This appeal presents the question of the validity of the provision in the will of D. J. Stewart wherein he devised to his son, Jesse C. Stewart, twenty-five acres of land out of the home tract of 82 acres. The devise is expressed in the following words: “My son Jesse C. Stewart shall have to his use and benefit forever in fee simple twenty-five acres of the home tract of land including the building and outhouses, and the remainder of my real estate to be divided equally among all my children,” naming them, including Jesse C. Stewart.

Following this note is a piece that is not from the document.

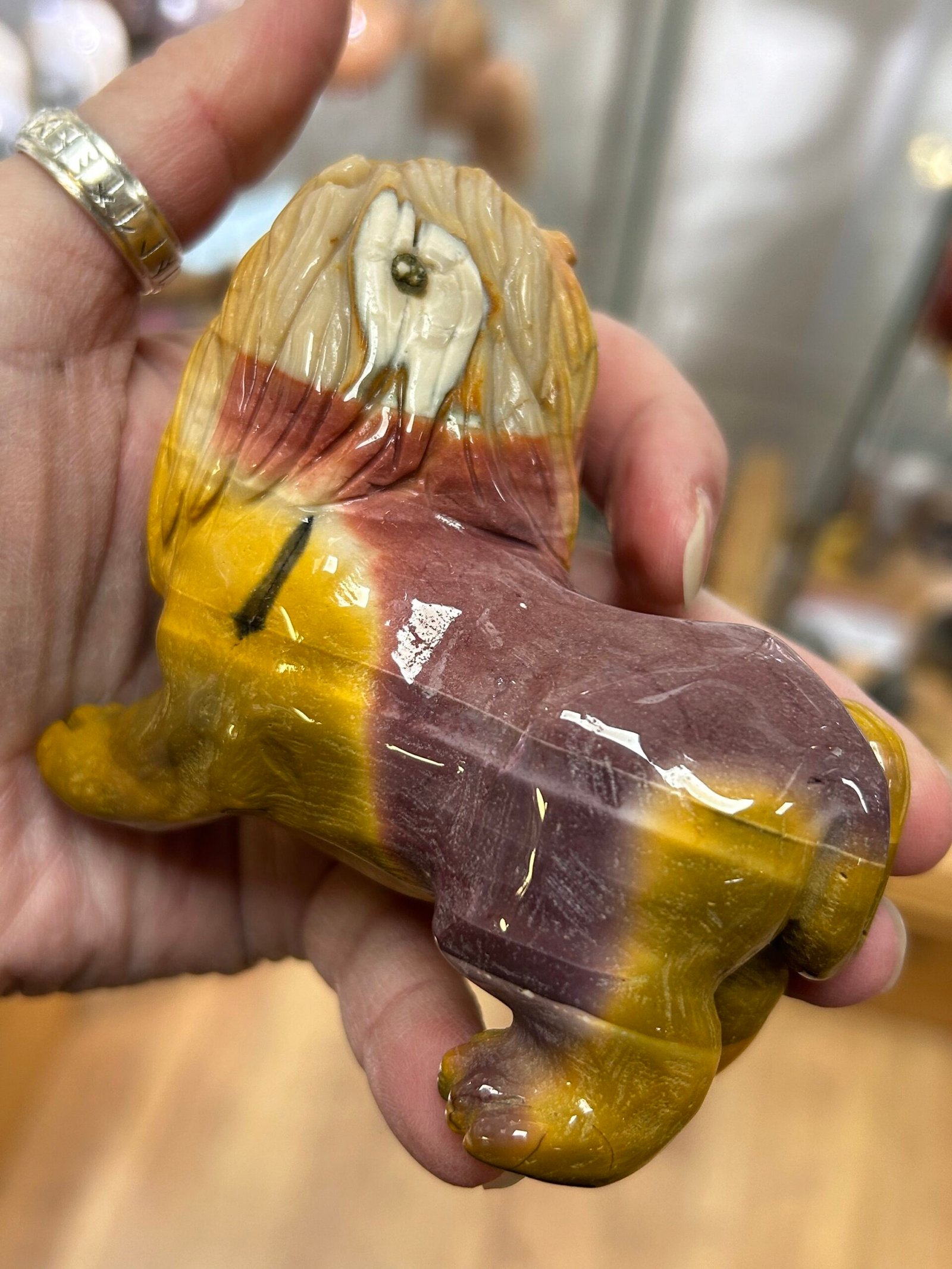 Mookaite Jasper Lion Carving - Image 4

We are of opinion, and so hold, that the devise to the defendant Jesse 0. Stewart of twenty-five acres out of a larger tract of 82 acres is void for vagueness and uncertainty in the description of the property attempted to be devised. The will furnishes no means by which the twenty-five acres can be identified and set apart, nor does the will refer to anything extrinsic by which the twenty-five acres can be located. The will fixes no beginning point or boundary. It is too vague and indefinite to admit of parol evidence to support it. There is nothing to indicate where or how the testator intended the twenty-five acres should be set apart out of the 82 acres in the home tract. The principle is firmly established in our law that a conveyance of land by deed or will must set forth a subject matter, either certain within itself or capable of being made certain by recurrence to something extrinsic to which the instrument refers. It is essential to the validity of a devise of land that the land be described with sufficient definiteness and certainty to be located and distinguished from other land. The language in which the devise to Jesse 0. Stewart is expressed contains no reference to anything extrinsic which by recurrence thereto is capable of making the description certain under the principle id certum est quod certum reddi potest.
There are numerous cases in our reports which support the view here taken. Beaver v. Jones, 114 N. C., 649, 19 S. E., 637; Harris v. Woodard, 130 N. C., 580, 41 S. E., 790; Kennedy v. Maness, 138 N. C., 35, 50 S. E., 450; Smith v. Proctor, 139 N. C., 314, 51 S. E., 889; Cathey v. Lumber Co., 151 N. C., 592, 66 S. E., 580; Beard v. Taylor, 157 N. C., 440, 73 S. E., 213; Higdon v. Howell, 167 N. C., 455, 83 S. E., 807; *292 Bissette v. Strickland, 191 N. C., 260, 131 S. E., 655; Katz v. Daughtrey, 198 N. C., 393, 151 S. E., 879; Self Help Corp. v. Brinkley, 215 N. C., 615, 2 S. E. (2d), 889; Johnston County v. Stewart, 217 N. C., 334.
The mere reference to the land as “including the building and outhouses” may not be held sufficient to afford means of locating or identifying the twenty-five acres, or distinguishing them from other land within the boundaries of the home tract. Nor may these words be construed as a testamentary intention to which the law would give effect. This is upon the principle upheld in McGehee v. McGehee, 189 N. C., 558, 127 S. E., 549, and Melchor v. Burger, 21 N. C., 634, that an attempted invalid devise, one which the law decrees void, affords no legal evidence of an intention in the testator to devise. The court cannot make a will for the testator nor add to the valid portions of his will provisions which are not therein expressed. Having stricken down the devise as void, the court will not resurrect it and give it vitality in order to effectuate a purpose not expressed in the will.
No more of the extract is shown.